**REQUIREMENT:** Your answer should be only the lines below from the one with "2018 Ford F-150" to the one with "Albero a Cammes Morini 150 Super Sport", repeated exactly, ends included.

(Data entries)
>>>
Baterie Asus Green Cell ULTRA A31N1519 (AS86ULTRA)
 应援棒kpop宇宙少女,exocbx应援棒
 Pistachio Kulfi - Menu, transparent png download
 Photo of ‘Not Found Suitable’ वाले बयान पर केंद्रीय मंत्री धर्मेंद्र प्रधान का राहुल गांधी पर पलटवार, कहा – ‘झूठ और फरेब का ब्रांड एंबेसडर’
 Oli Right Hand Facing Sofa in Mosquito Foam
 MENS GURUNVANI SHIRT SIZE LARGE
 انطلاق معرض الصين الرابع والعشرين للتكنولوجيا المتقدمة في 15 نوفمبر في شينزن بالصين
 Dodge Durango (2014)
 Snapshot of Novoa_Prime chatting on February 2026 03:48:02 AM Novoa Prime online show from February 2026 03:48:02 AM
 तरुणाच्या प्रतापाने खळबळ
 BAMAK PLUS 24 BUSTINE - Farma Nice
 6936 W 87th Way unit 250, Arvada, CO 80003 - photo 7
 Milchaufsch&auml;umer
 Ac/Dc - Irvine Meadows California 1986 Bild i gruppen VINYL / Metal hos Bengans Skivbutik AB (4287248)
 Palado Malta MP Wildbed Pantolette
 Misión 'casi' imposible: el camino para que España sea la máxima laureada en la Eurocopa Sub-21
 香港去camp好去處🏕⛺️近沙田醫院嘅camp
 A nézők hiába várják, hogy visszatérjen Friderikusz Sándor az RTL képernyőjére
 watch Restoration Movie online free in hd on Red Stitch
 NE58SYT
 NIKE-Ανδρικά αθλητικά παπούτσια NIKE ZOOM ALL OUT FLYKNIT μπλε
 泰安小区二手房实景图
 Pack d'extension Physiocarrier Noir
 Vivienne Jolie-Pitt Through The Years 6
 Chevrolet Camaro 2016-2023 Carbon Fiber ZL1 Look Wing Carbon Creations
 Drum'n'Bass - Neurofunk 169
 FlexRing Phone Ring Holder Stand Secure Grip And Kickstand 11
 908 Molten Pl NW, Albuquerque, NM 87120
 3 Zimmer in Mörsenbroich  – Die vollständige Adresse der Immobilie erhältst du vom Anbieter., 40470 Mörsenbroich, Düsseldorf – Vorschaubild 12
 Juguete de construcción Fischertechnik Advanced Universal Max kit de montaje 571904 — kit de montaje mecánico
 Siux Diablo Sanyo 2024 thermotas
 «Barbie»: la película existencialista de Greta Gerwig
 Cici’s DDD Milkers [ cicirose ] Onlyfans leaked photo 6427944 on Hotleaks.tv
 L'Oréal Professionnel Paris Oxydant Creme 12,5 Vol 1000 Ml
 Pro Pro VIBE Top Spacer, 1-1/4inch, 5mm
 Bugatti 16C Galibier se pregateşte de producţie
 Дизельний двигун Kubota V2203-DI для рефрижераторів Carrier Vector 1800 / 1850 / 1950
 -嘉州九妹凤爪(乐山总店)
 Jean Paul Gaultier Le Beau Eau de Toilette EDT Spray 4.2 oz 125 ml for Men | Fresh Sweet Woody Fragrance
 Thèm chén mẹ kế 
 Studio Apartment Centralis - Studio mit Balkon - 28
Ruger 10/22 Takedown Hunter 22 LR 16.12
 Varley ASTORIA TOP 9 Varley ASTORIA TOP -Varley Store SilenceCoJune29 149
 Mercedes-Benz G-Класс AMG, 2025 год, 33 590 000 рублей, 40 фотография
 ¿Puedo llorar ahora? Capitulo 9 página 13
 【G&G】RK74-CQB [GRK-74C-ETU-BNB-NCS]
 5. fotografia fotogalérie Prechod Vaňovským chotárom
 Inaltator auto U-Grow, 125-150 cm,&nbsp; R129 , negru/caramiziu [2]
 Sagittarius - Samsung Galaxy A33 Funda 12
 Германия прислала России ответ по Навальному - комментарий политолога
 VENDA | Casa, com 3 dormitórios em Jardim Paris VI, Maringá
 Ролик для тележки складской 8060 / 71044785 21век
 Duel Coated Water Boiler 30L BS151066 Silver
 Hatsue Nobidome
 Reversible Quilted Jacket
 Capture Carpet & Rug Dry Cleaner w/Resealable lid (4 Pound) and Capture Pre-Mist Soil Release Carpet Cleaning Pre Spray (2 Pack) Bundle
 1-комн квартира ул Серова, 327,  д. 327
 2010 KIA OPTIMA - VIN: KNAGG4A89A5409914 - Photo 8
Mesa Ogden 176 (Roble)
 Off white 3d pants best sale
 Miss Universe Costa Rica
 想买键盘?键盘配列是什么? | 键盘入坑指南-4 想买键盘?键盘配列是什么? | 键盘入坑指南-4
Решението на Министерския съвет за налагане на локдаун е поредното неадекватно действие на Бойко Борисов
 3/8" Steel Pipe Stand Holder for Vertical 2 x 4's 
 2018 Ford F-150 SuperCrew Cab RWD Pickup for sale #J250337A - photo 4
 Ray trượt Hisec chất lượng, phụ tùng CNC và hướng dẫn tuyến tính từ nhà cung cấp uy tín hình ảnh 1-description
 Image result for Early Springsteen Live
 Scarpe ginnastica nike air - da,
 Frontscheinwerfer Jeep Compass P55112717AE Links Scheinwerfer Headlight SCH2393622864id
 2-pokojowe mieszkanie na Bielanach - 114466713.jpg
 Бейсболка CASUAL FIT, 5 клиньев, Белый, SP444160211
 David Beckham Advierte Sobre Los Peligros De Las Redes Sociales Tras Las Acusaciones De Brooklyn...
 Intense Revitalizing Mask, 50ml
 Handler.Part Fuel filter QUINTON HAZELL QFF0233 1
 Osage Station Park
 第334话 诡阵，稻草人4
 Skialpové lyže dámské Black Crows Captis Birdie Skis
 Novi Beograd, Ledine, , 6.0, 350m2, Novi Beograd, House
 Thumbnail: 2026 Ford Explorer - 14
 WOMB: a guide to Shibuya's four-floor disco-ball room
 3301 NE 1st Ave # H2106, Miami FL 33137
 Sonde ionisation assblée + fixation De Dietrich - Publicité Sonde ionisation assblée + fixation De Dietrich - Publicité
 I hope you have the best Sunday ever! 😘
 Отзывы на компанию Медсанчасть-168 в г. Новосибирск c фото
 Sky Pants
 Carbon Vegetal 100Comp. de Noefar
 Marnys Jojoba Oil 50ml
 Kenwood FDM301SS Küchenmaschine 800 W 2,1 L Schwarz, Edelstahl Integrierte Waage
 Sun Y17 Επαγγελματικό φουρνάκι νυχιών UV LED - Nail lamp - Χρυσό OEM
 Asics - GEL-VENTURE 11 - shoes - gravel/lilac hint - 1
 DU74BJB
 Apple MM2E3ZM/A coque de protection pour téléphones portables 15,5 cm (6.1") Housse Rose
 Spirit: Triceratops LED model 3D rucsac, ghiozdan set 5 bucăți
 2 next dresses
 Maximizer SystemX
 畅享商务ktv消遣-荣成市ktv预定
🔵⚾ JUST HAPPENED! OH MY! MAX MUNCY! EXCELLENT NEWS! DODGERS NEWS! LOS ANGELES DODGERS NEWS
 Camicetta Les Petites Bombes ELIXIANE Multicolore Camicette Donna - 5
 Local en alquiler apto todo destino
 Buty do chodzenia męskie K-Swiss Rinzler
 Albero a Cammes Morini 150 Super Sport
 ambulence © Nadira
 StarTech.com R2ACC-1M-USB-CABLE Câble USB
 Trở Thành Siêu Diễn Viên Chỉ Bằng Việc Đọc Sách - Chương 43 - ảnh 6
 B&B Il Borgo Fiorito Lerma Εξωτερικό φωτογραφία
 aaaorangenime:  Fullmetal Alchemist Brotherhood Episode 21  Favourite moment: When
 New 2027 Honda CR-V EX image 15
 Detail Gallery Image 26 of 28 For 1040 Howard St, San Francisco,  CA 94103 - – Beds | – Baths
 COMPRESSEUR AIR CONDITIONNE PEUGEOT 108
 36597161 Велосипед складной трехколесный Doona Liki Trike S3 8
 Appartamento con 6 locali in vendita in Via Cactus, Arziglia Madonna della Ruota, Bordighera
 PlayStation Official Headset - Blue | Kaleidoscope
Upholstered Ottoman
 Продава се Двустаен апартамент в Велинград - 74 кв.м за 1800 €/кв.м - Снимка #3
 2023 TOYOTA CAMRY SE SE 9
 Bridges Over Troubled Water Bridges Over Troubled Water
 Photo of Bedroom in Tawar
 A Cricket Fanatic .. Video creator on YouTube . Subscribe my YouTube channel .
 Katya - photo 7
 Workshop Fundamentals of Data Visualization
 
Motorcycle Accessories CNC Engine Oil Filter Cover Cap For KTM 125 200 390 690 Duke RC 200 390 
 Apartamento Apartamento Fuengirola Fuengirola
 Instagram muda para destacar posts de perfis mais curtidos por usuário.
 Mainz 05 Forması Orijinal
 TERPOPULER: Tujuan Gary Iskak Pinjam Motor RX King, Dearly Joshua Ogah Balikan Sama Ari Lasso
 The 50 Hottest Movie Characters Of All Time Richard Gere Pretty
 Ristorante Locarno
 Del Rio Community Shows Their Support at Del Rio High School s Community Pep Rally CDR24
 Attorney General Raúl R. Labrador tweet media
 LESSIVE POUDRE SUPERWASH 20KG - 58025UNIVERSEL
<<<
**FINISHED TASK:**
 2018 Ford F-150 SuperCrew Cab RWD Pickup for sale #J250337A - photo 4
 Ray trượt Hisec chất lượng, phụ tùng CNC và hướng dẫn tuyến tính từ nhà cung cấp uy tín hình ảnh 1-description
 Image result for Early Springsteen Live
 Scarpe ginnastica nike air - da,
 Frontscheinwerfer Jeep Compass P55112717AE Links Scheinwerfer Headlight SCH2393622864id
 2-pokojowe mieszkanie na Bielanach - 114466713.jpg
 Бейсболка CASUAL FIT, 5 клиньев, Белый, SP444160211
 David Beckham Advierte Sobre Los Peligros De Las Redes Sociales Tras Las Acusaciones De Brooklyn...
 Intense Revitalizing Mask, 50ml
 Handler.Part Fuel filter QUINTON HAZELL QFF0233 1
 Osage Station Park
 第334话 诡阵，稻草人4
 Skialpové lyže dámské Black Crows Captis Birdie Skis
 Novi Beograd, Ledine, , 6.0, 350m2, Novi Beograd, House
 Thumbnail: 2026 Ford Explorer - 14
 WOMB: a guide to Shibuya's four-floor disco-ball room
 3301 NE 1st Ave # H2106, Miami FL 33137
 Sonde ionisation assblée + fixation De Dietrich - Publicité Sonde ionisation assblée + fixation De Dietrich - Publicité
 I hope you have the best Sunday ever! 😘
 Отзывы на компанию Медсанчасть-168 в г. Новосибирск c фото
 Sky Pants
 Carbon Vegetal 100Comp. de Noefar
 Marnys Jojoba Oil 50ml
 Kenwood FDM301SS Küchenmaschine 800 W 2,1 L Schwarz, Edelstahl Integrierte Waage
 Sun Y17 Επαγγελματικό φουρνάκι νυχιών UV LED - Nail lamp - Χρυσό OEM
 Asics - GEL-VENTURE 11 - shoes - gravel/lilac hint - 1
 DU74BJB
 Apple MM2E3ZM/A coque de protection pour téléphones portables 15,5 cm (6.1") Housse Rose
 Spirit: Triceratops LED model 3D rucsac, ghiozdan set 5 bucăți
 2 next dresses
 Maximizer SystemX
 畅享商务ktv消遣-荣成市ktv预定
🔵⚾ JUST HAPPENED! OH MY! MAX MUNCY! EXCELLENT NEWS! DODGERS NEWS! LOS ANGELES DODGERS NEWS
 Camicetta Les Petites Bombes ELIXIANE Multicolore Camicette Donna - 5
 Local en alquiler apto todo destino
 Buty do chodzenia męskie K-Swiss Rinzler
 Albero a Cammes Morini 150 Super Sport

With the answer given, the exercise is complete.